Printer Friendly

Does perineal body thickness affect fecal incontinence in multiparous patients?

Faecal incontinence is the involuntary loss of faeces at a moment or in a place where it is unexpected, at least twice a month, and it is a social or hygienic problem. It is affected by anatomical and physiological factors. Faecal incontinence has an (under-)estimated incidence of about 1-10% in the adult population worldwide. [1] It occurs principally in the elderly and female population and causes embarrassment, and can have a devastating effect on a woman's quality of life. Unfortunately, women do not report their symptoms; therefore, the actual incidence of the problem is unknown. [2] Obstetric trauma is the most common cause of faecal incontinence in women, but its aetiology can be congenital, neurological or idiopathic. [3,4]

It remains to be established whether obstetric trauma after two or more vaginal deliveries is a risk factor for developing incontinence later in life. Although the risk of new injury and defecatory symptoms occurring in subsequent normal deliveries is small (4%), 42% of asymptomatic women who have a pre-existing occult defect may develop impaired continence following a subsequent vaginal delivery, within 2 months of this delivery. [1] This impaired continence could be the result of a change in diet and bowel habits, ageing, anorectal surgery, haemorrhoids or irritable bowel syndrome.

Anatomically, in women, the perineal body separates the anal canal from the urogenital diaphragm in the median plane where the deep bulbospongiosus and superficial transverse perineal muscles meet the external anal sphincter (EAS). [3,4] The presence of a considerably bulky, tensile perineal body can be confirmed by the presence of a normal anal sphincter complex.
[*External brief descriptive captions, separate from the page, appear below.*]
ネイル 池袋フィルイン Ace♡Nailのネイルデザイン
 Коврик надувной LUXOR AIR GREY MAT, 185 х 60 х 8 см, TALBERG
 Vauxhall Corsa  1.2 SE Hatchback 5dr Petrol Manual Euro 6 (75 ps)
A PBT of [less than or equal to] 10 mm or less is considered abnormal, according to the endosonographic perineal body measurement described by Zetterstrom et al. [5]

Anal endosonography is the gold standard in imaging the sphincters, and has superseded conventional electromyography mapping in the diagnosis of anal sphincter defects. [1] Endoanal ultrasound (EAUS) has revolutionised our understanding of the pathophysiology of faecal incontinence. Since its invention by Low and Bartram in 1989, [6] EAUS has been found to be superior to other diagnostic tools, with 100% sensitivity in detecting sphincter defects. [7] At the proximal anal canal, in 98% of women the EAS is shorter interiorly compared with the posterior area. [8,9] Where the EAS fibres slope anteriorly, it gives an apparent anterior sphincter defect, which creates the liability of obstetric injury in the internal anal sphincter (IAS). [1]

In the distal anal canal, the IAS is thin; therefore, we measured the PBT, anterior anal sphincter defect and anal sphincter defect angle at the level of the mid-anal canal, which can be clearly delineated by the presence of the most prominent hypoechoic ring of the IAS. [1]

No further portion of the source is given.